Once inside, we left behind the noisy sounds of the street and the heat as we entered the quiet coolness of an ancient stone corridor, as if we had stepped back in time to centuries before when the Wall was built. With some trepidation we began to follow the path and soon realized the Wall was constructed so people could get from one point to another within the Wall. We followed the pathway of huge stones which lay under our feet and lined the walls and ‘ceiling’ above us. We marveled at the Hebrew ingenuity in building this ancient pathway wondering how they got stones of such enormous proportions inside the Wall. This was clearly unlike anything I’d ever experienced before.

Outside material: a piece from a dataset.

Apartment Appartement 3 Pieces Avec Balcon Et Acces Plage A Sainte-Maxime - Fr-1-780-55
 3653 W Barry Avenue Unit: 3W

Sometimes the way was almost flat while other times the incline caused us to stop talking as we needed our breath to climb. At times, we had to bend over as we walked because the ceiling was too low to stand. Air seemed more available at some times than others. I prayed my way through each step as we continued along in the semi-darkness, not wanting to export the claustrophobia I was feeling to anyone else. That there was any light at all was somewhat perplexing to us, but it seemed to come from ahead of us which kept us moving toward it. Occasionally, the width narrowed from a comfortable six feet across where we could walk side by side to being so narrow that we had to turn sideways and inch our way through, one at a time. Breathing became a heart-beating focused activity for me at such times.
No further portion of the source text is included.